06 June 2017, Sweetcrude, Abuja – A surplus of Nigerian cargo for July loading is getting smaller after a drop in differentials boosted demand, traders said on Tuesday.
According to Reuters, there were six to seven cargo of Nigerian crude for July loading, down from Monday’s estimate of 10-15.
The agency indicated that the number of August shipments remain steady at more than 40.
“Qua Iboe, the largest export stream was valued at dated Brent plus 35 cents, the lowest since December 2015. Sellers are targeting higher numbers and August cargo are being offered at dated Brent plus 90 cents.
“Angolan crude has been selling more quickly after Chinese buying re-emerged. About six August-loading cargoes are still for sale – including shipments of Dalia, Mondo, Pazflor, and Hungo.
“Differentials for some grades have risen due to increased demand and sellers were targeting strong numbers relative to the last reported levels. Hungo was offered at dated Brent minus 25 cents, up 15 cents from an offer reported on June 1. Dalia was offered at dated minus 60 cents, up about 50 cents from an offer reported on June 7.”

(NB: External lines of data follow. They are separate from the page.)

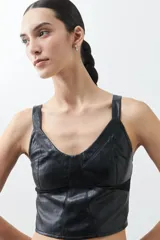 Top negro de eco cuero con corte crop, breteles finos y detalle de tul en el escote.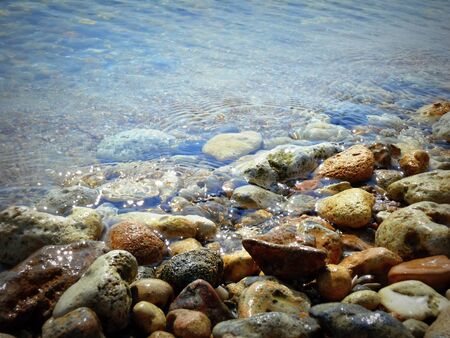 colored stones at the shore of the Black Seaの写真素材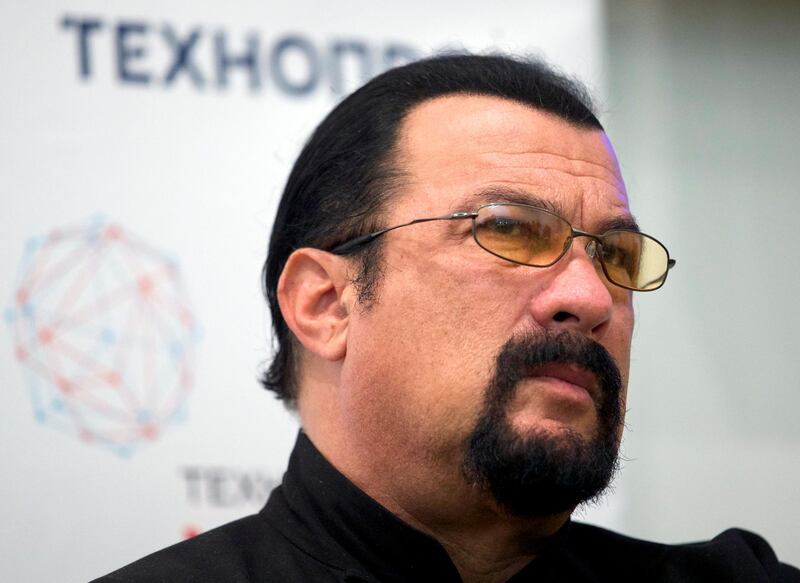 FILE - In this Sept. 22, 2015, file photo, actor Steven Seagal speaks at a news conference, while attending an opening ceremony for a research and development center in Moscow, Russia. Russia has appointed action movie star Steven Seagal as a special envoy for humanitarian ties with the United States. The Foreign Ministry announced the move on Saturday, Aug. 4, 2018 on its Facebook page, saying Seagalâ€™s portfolio in the unpaid position would be to â€œfacilitate relations between Russia and the United States in the humanitarian field, including cooperation in culture, arts, public and youth exchanges.â€ (AP Photo/Ivan Sekretarev, File)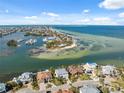 Breathtaking aerial view of a coastal community with beautiful waterfront homes and a sandy beach at 727 Key Royale Dr, Holmes Beach, FL 34217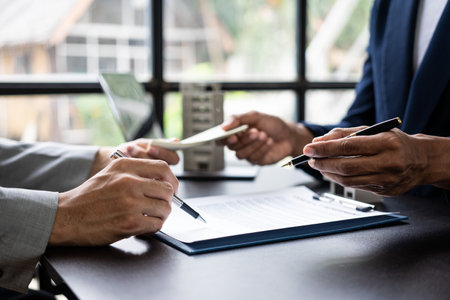 The real estate agent discusses the terms of the home purchase agreement and asks the client to sign paperwork to contract and deliver the home.の写真素材
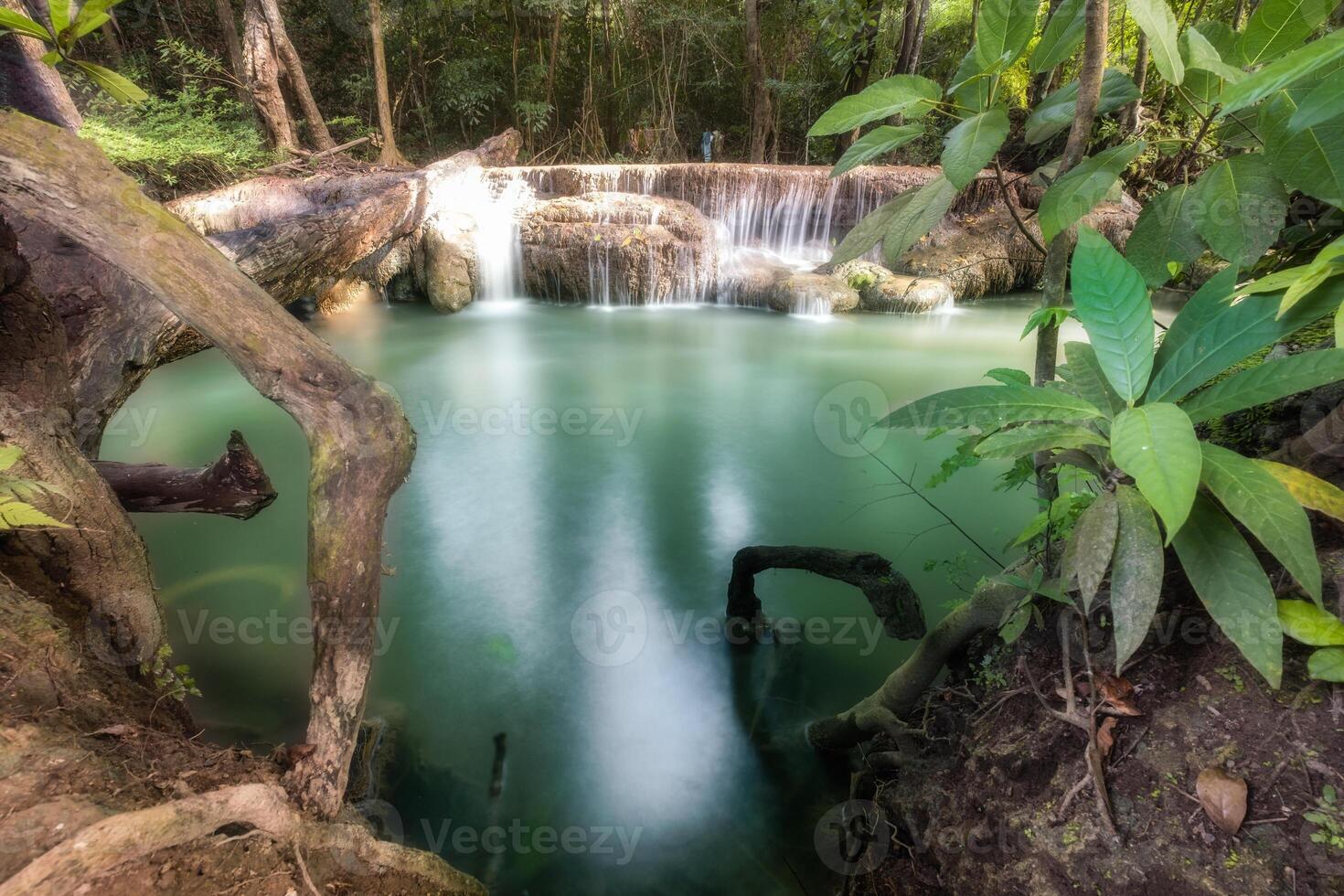 Erawan waterfall in tropical rainforest photo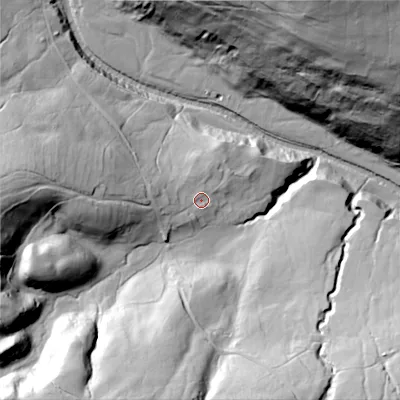 Shaded relief map of the ground around DL116RB, computed from Environment Agency LiDAR. The ground here sits at about 268 m above sea level and falls 84 m across the surrounding 800 m. Surface water reaching this point runs off ground lying to the west, 9.7 m higher.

Meanwhile, the price of some crudes rose marginally while others crashed in the market, yesterday. For instance, the price of Brent crashed from $49.68 to $49.61, while that of WTI rose from $47.07 to $ 47.08 per barrel respectively.
The Organisation of Petroleum Exporting Countries, OPEC, stated that “The price of OPEC basket of fourteen crudes stood at $46.89 a barrel on Monday, compared with $45.63 the previous day, according to OPEC Secretariat calculations.
“The OPEC Reference Basket of Crudes (ORB) is made up of the following: Saharan Blend (Algeria), Girassol (Angola), Oriente (Ecuador), Zafiro (Equatorial Guinea), Rabi Light (Gabon), Iran Heavy (Islamic Republic of Iran), Basra Light (Iraq), Kuwait Export (Kuwait), Es Sider (Libya), Bonny Light (Nigeria), Qatar Marine (Qatar), Arab Light (Saudi Arabia), Murban (UAE) and Merey (Venezuela).”
The managing director/chief executive officer of Cowry Asset Management Limited, Mr. Johnson Chukwu, indicated in a telephone interview that the market situation was fuelled by the decision of the United States not to be part of the Paris Club on climate change.
He said that this gives the impression that the United States would flood the market with commercial shale oil, thus worsening the present state of the market.
Chairman of International Energy Services Limited, Dr. Diran Fawibe, a close watcher of the volatile market had said in a telephone interview that the development constituted a fresh threat to foreign exchange generation and budget implementation.